Ware: "Hence we're a bit more careful now!"

Well, are there any other projects that you can discuss without the risk of revealing too much?

Ware: "We're hoping to work with Cabaret Voltaire at some stage, probably to do a single with them under BEF. That is if they want to, but we're.definitely going to do something together.

"We're working with Clock DVA at the moment as well. Also there's the Heaven 17 album with Glenn. And we're looking for new artists, as new group entities under The BEF banner - as Heaven 17 is."

So you're trying to create an almost Tamlalike stable of artists?

Ware: "Yes, because obviously it gives you more flexibility, and it also enables you to close down an enterprise that is not paying off. Not just financially, but also artistically."

Are Virgin totally behind you on all of your projects?

Ware: "The proof of the pudding will be in the eating! If they don't back us up on anything, then we've got a provision in the contract where if they don't take an option on anything we present to them, and we must present it to them first, if they don't take up that option within a month then we're legally free to release it through whatever other company shows an interest. Even if it's our own company, which is a possibility we might consider."

"The actual business arrangement we've got with Virgin Records is as a production company. It's not a gimmick we've thought up to get press exposure. It is actually arranged in the sense that we are a separate company, and we do things off our own bat - so it's up to Virgin whether to accept it or not."

Are there any projects within The BEF that are not directly related to music?

Marsh: "For this first year our projects will mainly be musical ones. Even though we may have plans for other things."

That discreet veil of mystery once again shrouds their thoughts for the future. Their creeping (justifiable) paranoia about their ideas remaining theirs returns. Glenn Gregory mentions that he has has an idea that he wishes to discuss with Marsh and Ware later.

Ian Marsh has already stated that he basically distrusts the press, and obviously this writer is suspect as well. Surely there must be something we can discuss that does not lie within this 'secret' area!

Ware: "We're also trying to start our own publishing company as well, so that we can cream off some of the profits that otherwise publishing companies gain for no rightful reason. So then we will be totally selfcontained."

THE FUTURE is burning with the possibilities that are obviously inherent within a structure like The BEF. Already they have exploded into our hearts with the groovy single and the moody album.

They are careful now because, as they said, their ideas have often been stolen in the past and then exploited by others. Copyists abound. The most obvious example is the selfdubbed 'futurist' movement. A puerile tag for a movement which is seemingly devoid of any original ideas of its' own.
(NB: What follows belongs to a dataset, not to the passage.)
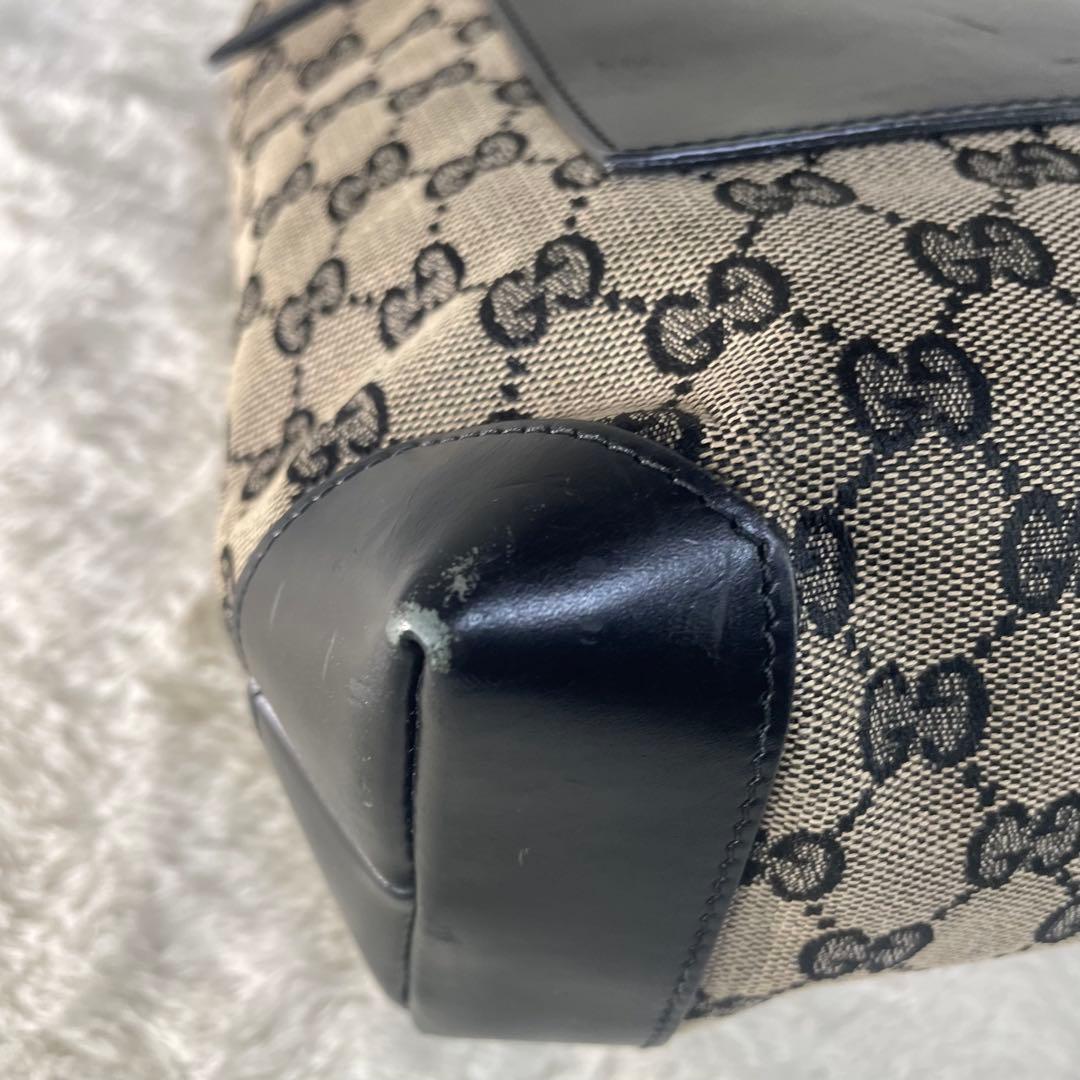【美品】 GUCCI グッチ GGスプリーム トートバッグ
Ware. "One of the reasons The Human League split up was because we were not particularly interested in that tag. We were never 'futurist', we never claimed to be. It seems to me that the people who manufactured that tag are doing it for purely profit motives, and there's no creative credibility in it whatsoever. It's a load of bollocks. Just because you've got a synthesiser doesn't make you futuristic does it?

I remember when we first started out, we were slagged off because people said we sounded like Emerson, Lake and Palmer or Tangerine Dream. Nobody would say that ELP are futuristic, but they're a damn sight more creative than most of the futurist bands around today!"

So, a total disassociation with a genre that, more often than not, cites The Human League as one of their inspirations. But true words. The futurists do seem to be riding a train to synthesised oblivion - and they jumped (someone elses) train too late.

That eternal movement, which is so important in contemporary music, has moved on one more step. It has assimilated another style, the emphasis has shifted once again. The message is in the brevity of the statement. A dancy mind. The mindful dance.

The BEF, true to their word, have planned three singles ahead, the first of which, '(We Don't Need This) Facist Groove Thang', should already be in your record collection. 'I Am The Money' and 'Let's All Make A-Bomb' are the next two,,and they precede,the Heaven 17 album.

The album will basically be in the same mood as the singles - almost, in fact, a collection of single type tracks - a dancing party album. Something to groove to all the way through!

Marsh: "It's not just that we are planning things that way (singles orientated) it's just that a lot of things that we are writing at the moment do seem to be single material."

Ware: "In the final analysis it is what we prefer listening to."

Marsh: "Short, snappy, to the point and that's it!"

Ware: "It's our taste in music. I mean, we are fairly dance music obsessed at the moment. We listen to a lot of black music, not the obscure stuff but disco chart material. Preferably funk, although I know that is very fashionable at the moment!"

Marsh: "Personally I've been listening to a lot of Parliament and Funkadelic."

'One Nation Under A Groove' I screamed. My mind doing a body dance.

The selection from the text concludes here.